Platinum Soars on Deficit & Green “Catapult”

Despite a little pull back, along with all metals last night, platinum has had a stellar week this week surging $150 to a 6 year high. 

News out this past week saw confirmation of another year of a supply deficit in 2020 and analysts expecting further upside driven by higher demand from the automobile sector after news of last month’s 30% year on year surge in auto sales in China and the broader reflation trade trend.  From the latest Johnson Matthey PGM report giving the supply and demand summary for 2020:

“Platinum supply and demand fell steeply in 2020, as the Covid-19 pandemic triggered temporary closures of mines and automotive plants, disrupted the collection of pgm-containing scrap, and hit consumer purchasing of new cars and jewellery. World primary supplies contracted by 20%, with outages at Anglo American Platinum’s converter plant adding to Covid related disruption. Autocatalyst demand plunged by 22%, as diesel car production in Europe fell steeply, while sales of platinum to Chinese jewellery manufacturers slumped to a twenty-year low of less than 1 million oz. However, industrial demand was more resilient: new plant construction by Chinese petrochemical and glass companies proceeded on schedule, and low prices stimulated some advance purchasing for future projects. Price trends were also supportive of physical investment: Japanese bar demand surged after yen-denominated prices hit seventeen-year lows, while ETF investors in the US and Europe added to their platinum positions. Overall, changes in supply and demand were nearly identical, leaving the market in continued moderate deficit.”

The chart below clearly shows that double dip of demand and supply but demand outstripping supply for the second year.

supply vs demand

Set out in table form you can see the relative size of that auto catalyst sector compared to the current investment demand.

supply vs demand table

The elephant in the room from a demand perspective is the emergence of green hydrogen energy.  We touched on this in our article last week (which if you’d bought platinum after reading you’d be up almost 13% already) noting platinum is a key component in this new energy generator.  The issue to date has been the relatively high cost of output, however the recently announced ‘Green Hydrogen Catapult’ will see a coordinated and huge investment to get the scale needed to make it viable.  From WPIC:

“The new ‘Green Hydrogen Catapult’ initiative will see green hydrogen industry leaders take on this challenge, targeting the deployment of 25 gigawatts of renewables-based hydrogen production by 2026, with a view to halving the current cost of green hydrogen to below US$2 per kilogram and increasing production fiftyfold. In establishing the initiative, the world-leading enterprises behind the Green Hydrogen Catapult are collaborating to accelerate the necessary technological and infrastructure advancements, as well as related market development. In addition, the Catapult target requires investment of roughly US$110 billion.”
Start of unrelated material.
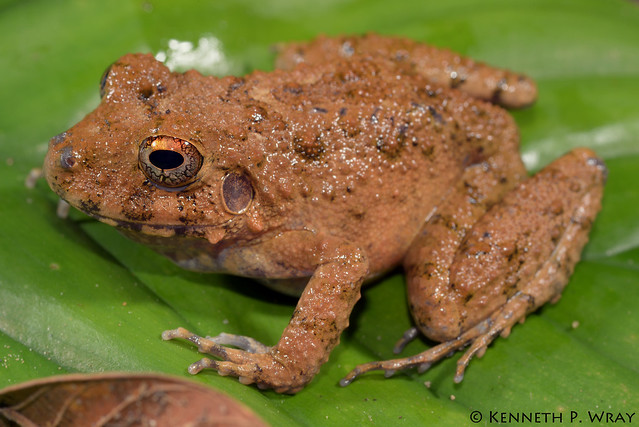 Oreobates quixensis (Common Big-headed Frog)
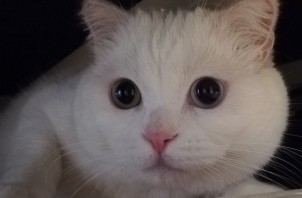 シカマルちゃん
The longer term impacts on platinum demand can’t be under estimated.

“It is now estimated that green hydrogen could supply up to 25 per cent of the world’s energy needs and become a US$10 trillion addressable market by 2050. These projections are underpinned by the recent emergence of strong green hydrogen-focused national hydrogen strategies, including those announced by Australia, Chile, Germany, the EU, Japan, New Zealand, Portugal, Spain and South Korea. The USA re-joining the Paris Climate agreement should also bolster momentum and accelerate hydrogen adoption. 
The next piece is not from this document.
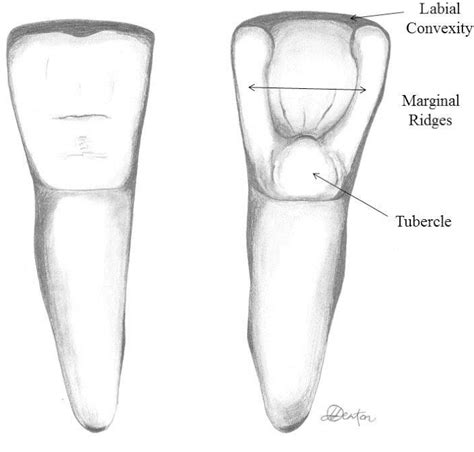 Figure 2.2 from Shovel-shaped incisors and the morphology of the enamel-dentin junction : an ...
The rapid growth of the PEM electrolysis market clearly has the potential to benefit platinum demand, albeit modestly in the short- to medium-term. What is more, expansion of hydrogen production capacity and associated infrastructure will facilitate the adoption of PEM fuel cell electric vehicles. The combined impact on platinum demand as these two PEM technologies take off will be significant over the longer term.”
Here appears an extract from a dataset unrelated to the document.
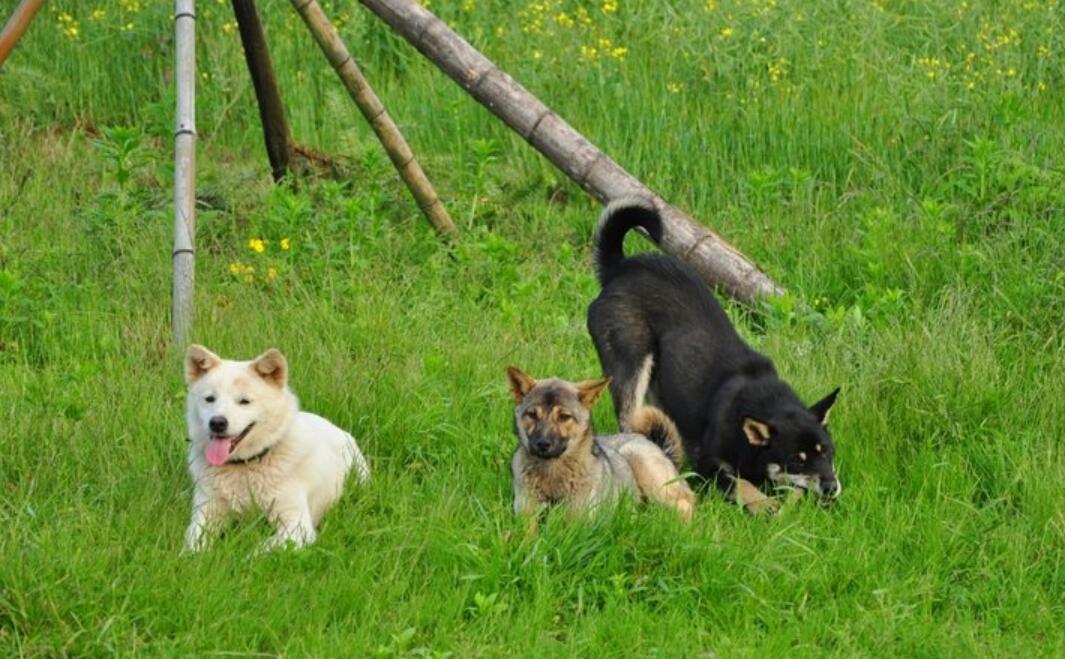 狗狗不吃饭无精打采老趴着,狗狗不吃东西怎么办还掉毛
Platinum, now at $1624, had been on a continual albeit choppy downward trend since hitting $2375 in 2008, bottoming out like gold in late 2015 but then generally sideways in a $200 band until it peaked with gold in March last year then got hit harder than any other in the liquidity squeeze on the COVID crash.  If you bought then, congratulations you’ve made about 60% so far.  Platinum, like silver has a dual role of industrial and monetary metal.  The moribund ‘recovery’ after the GFC saw relatively subdued demand in both and hence that sideways band.  As we sit here now with the prospect of reflation and more concerningly, inflation, there are dual catalysts before we then consider the paradigm shift that the fiscal stimulus fuelled green agenda becomes.  This recent surge could be the penny dropping for investors.